# New 30rls Pics



## HuckZito (Jan 1, 2008)

Here's some pics of our new setup. 
The Tundra does an awesome job towing with the Equil-i-zer set-up. It feels better then our Trail Cruiser 23QB did with a friction sway, and has amazing power. 
Thanks to everyone here for their help and advice on selecting our new Outback. We Love it!
We are thinking about attending the SoCal Rally in Oct. so we may get a chance to meet some of you there!

Dave


----------



## RizFam (Feb 25, 2006)

Very Nice, Congratulations!









Tami


----------



## wolfwood (Sep 19, 2005)

That Nautical Blue Metallic sure does look great with an Outback out back, doesn't it!? Each Coast sure is lucky to now have it's own combo....

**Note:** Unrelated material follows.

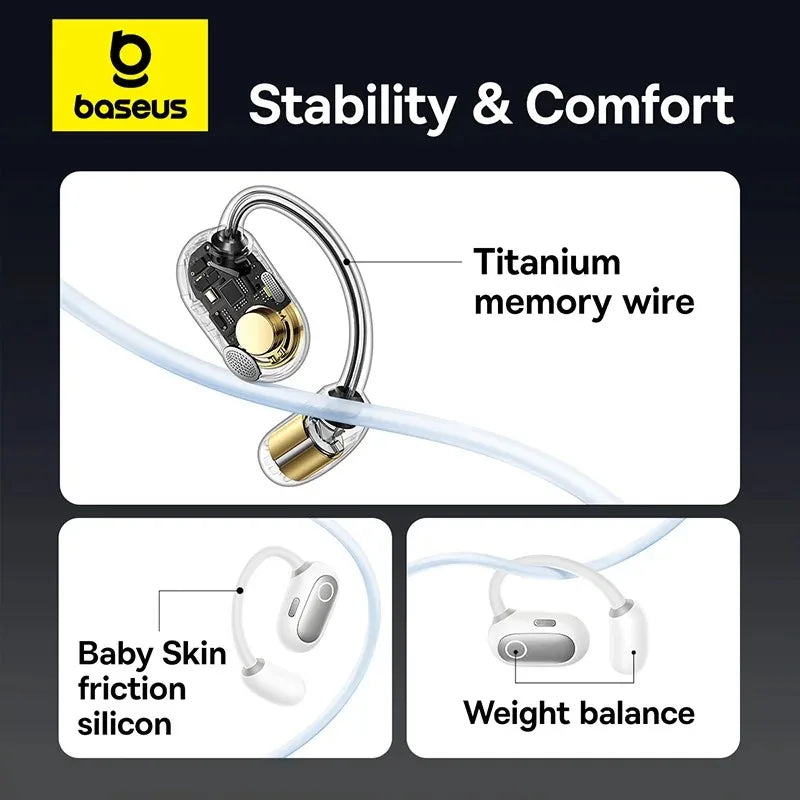 Baseus Eli Sport 1 Open Ear Headphones Wireless Bluetooth 5.3 Earphones TWS Air Conduction Earbuds High Quality Sports Headset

IT'S OFFICIAL!!! You have great taste in trucks, colors, campers, and websites ...is there more to life????


----------



## Piecemaker (Nov 15, 2007)

Congrats








They look like perfect together.







Thanks for the pics.

Lots of luck and enjoy.

Brian


----------



## skippershe (May 22, 2006)

Great looking setup Dave









You have really good taste in truck colors


----------



## Carey (Mar 6, 2012)

Congrats! Very sweet looking combo. I agree with everyone else, nice color scheme!

Carey


----------



## Oregon_Camper (Sep 13, 2004)

Nice setup....love the color of the TV.


----------



## hpapa4 (Apr 11, 2007)

Great looking rig. Enjoy, enjoy, enjoy.


----------